#### [Task prompt]
Exactly reproduce the lines of the listing below from the one containing "Maybelline Super Stay" through the one containing "Bambino Hidrofil Rulo Pamuk 1 Kg - 4 Adet". Skip the images.

### Excerpted data

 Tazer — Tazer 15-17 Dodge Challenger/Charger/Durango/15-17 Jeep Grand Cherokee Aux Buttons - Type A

######
### Excerpted data

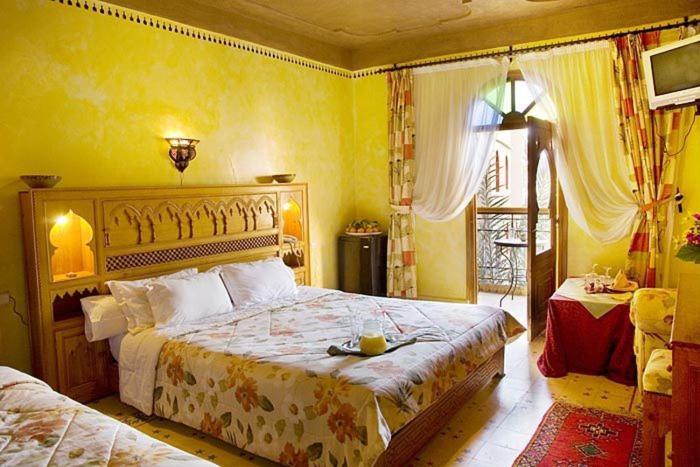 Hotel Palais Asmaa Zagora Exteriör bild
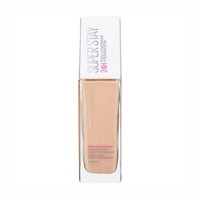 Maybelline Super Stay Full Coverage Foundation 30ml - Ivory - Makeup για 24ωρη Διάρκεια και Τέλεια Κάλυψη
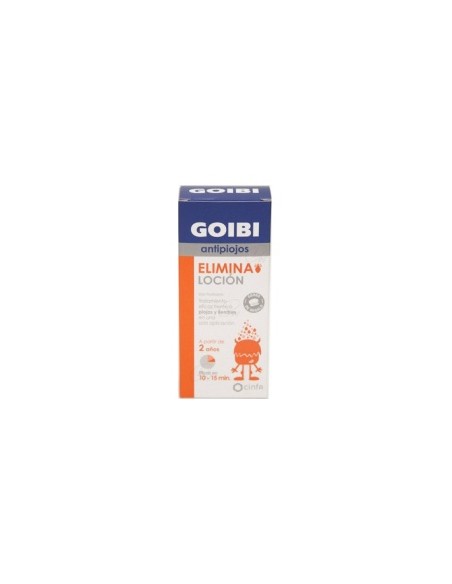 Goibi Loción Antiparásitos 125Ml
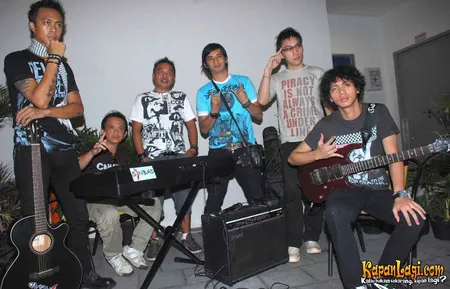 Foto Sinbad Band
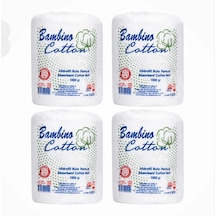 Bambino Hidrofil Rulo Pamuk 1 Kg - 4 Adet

######
### Excerpted data

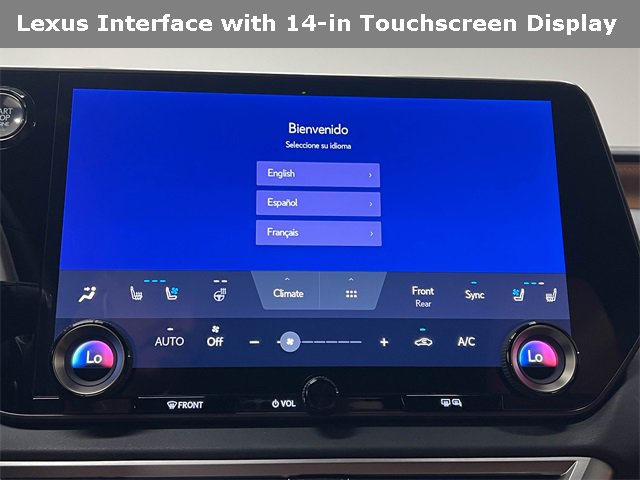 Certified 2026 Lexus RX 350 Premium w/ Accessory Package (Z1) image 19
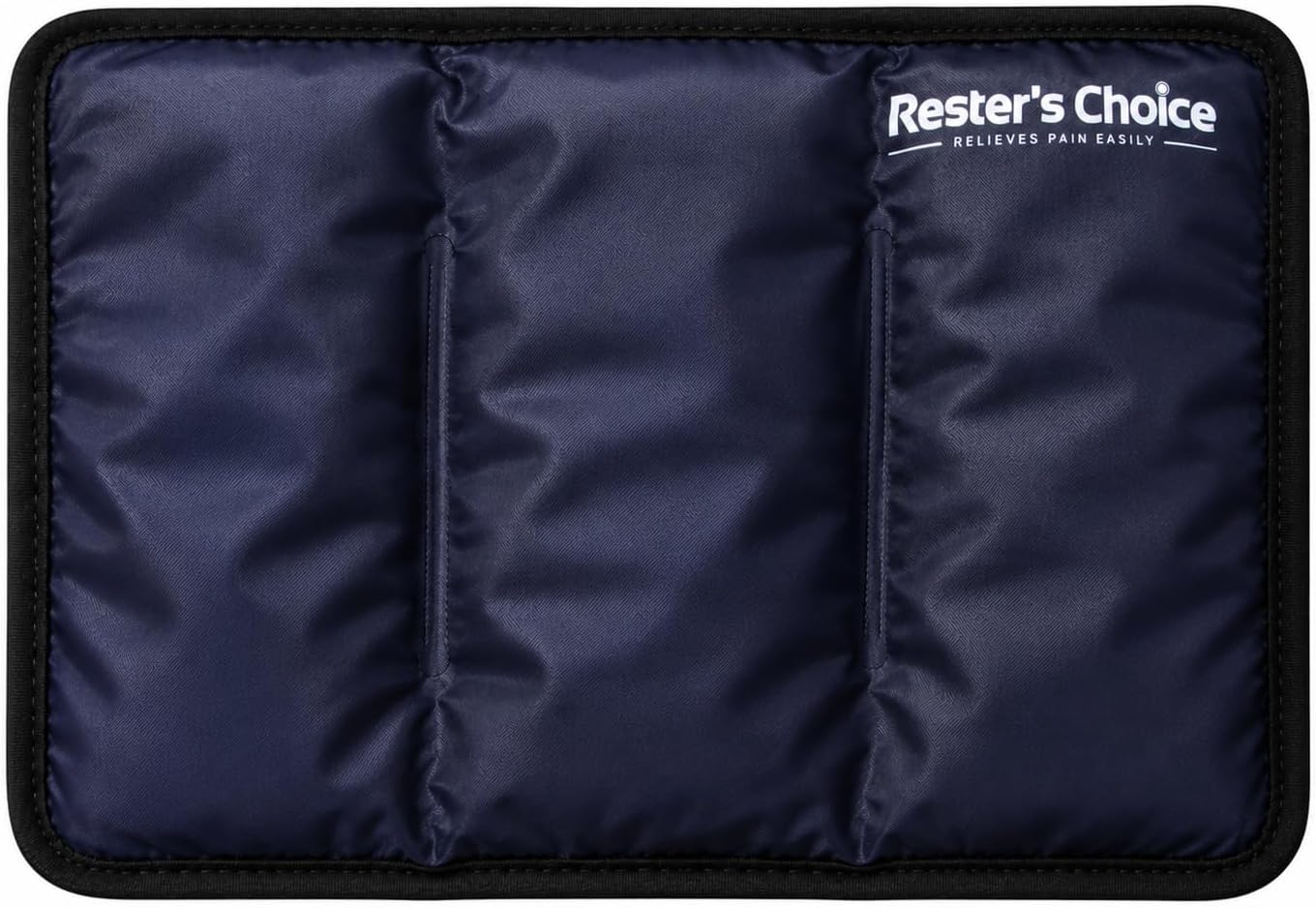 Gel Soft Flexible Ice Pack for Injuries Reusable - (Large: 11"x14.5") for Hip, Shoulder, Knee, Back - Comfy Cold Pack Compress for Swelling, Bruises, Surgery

######

#### [Solved exercise]
 Maybelline Super Stay Full Coverage Foundation 30ml - Ivory - Makeup για 24ωρη Διάρκεια και Τέλεια Κάλυψη
 Goibi Loción Antiparásitos 125Ml
 Foto Sinbad Band
 Bambino Hidrofil Rulo Pamuk 1 Kg - 4 Adet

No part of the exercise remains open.